I'm relatively new to ElasticSearch and we have a small cluster running which is collecting all of our logging and metrics data. Currently it's suffering from pretty bad performance (particularly memory usage) and after doing some reading I suspect it has to do with all the fields which are getting indexed (which is basically everything). And some of our messages are fairly heterogenous (we are using SeriLog for .NET which captures fields in messages and makes them fields in the log output for example, and Elmah which generates a large number of fields.)
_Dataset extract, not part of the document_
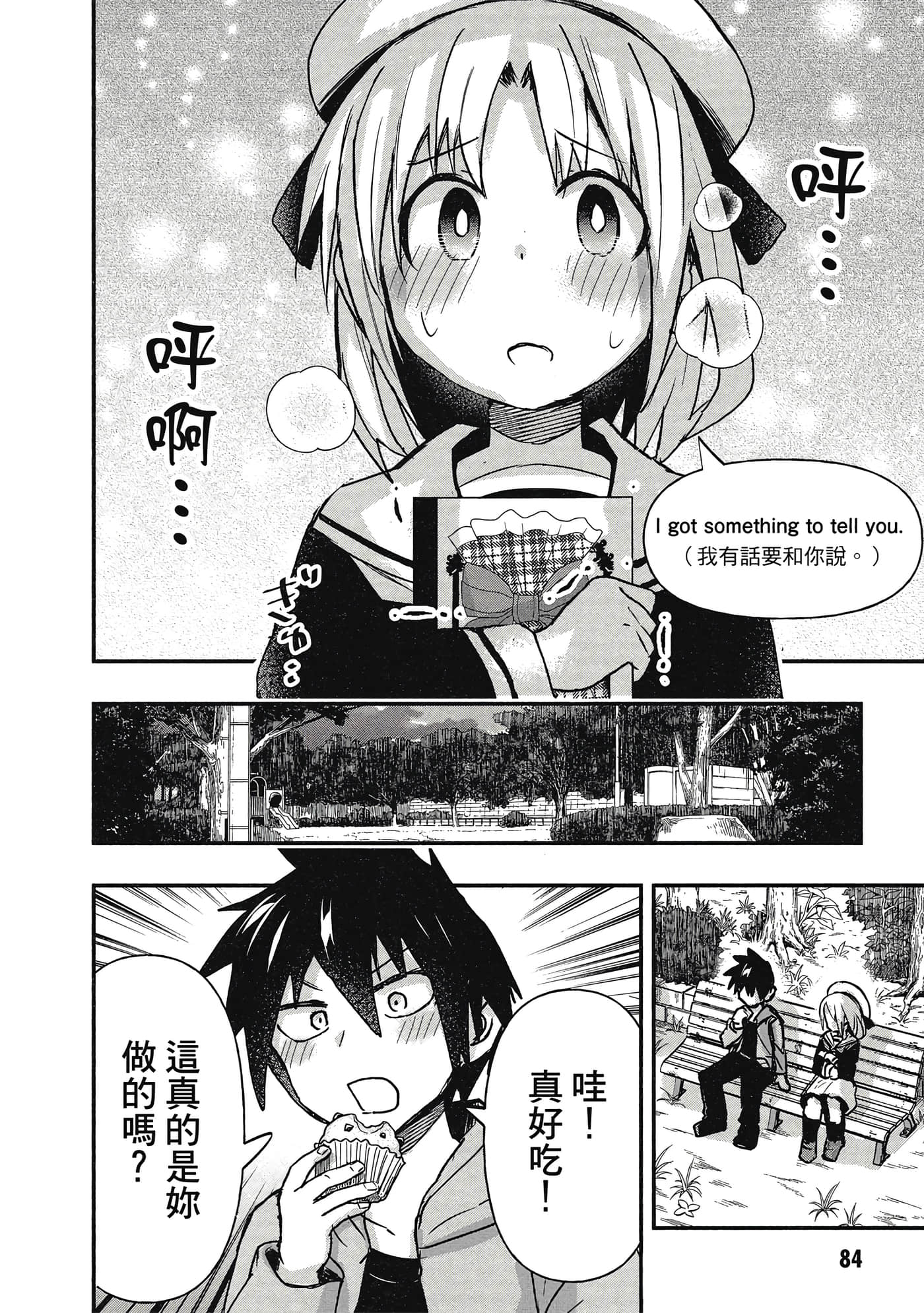 第 85 页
I'm trying to understand how to balance between what should be indexed and what should be searchable. We do define message templates which assign appropriate data types to all of the fields, but the sparseness of some of the fields is definitely suboptimal. For example, when there is a critical error, Elmah will log a full stack trace, server variable dump, etc - these only apply to those messages though. If I am an ops person who wants to look at error messages over time, I might be interested in stack traces and their contents (searching for keywords in the stack traces for example), but it doesn't seem like I want everything indexed in that blob - or maybe not indexed as that specific field. I'm not sure.
Can anyone who is using ES as a logging endpoint for heterogenous, sparse messages recommend some to-dos or specific actions I could take in designing my schema so that I am not blowing out ES ram requirements? For example, should i just log the Elmah block as one big string field and let ES do text analysis on it for searchability? Or should i put those Elmah messages in their own index, and cross-reference them with the master log only when I need to using a sort of join? What has been your experience using ES in this fashion?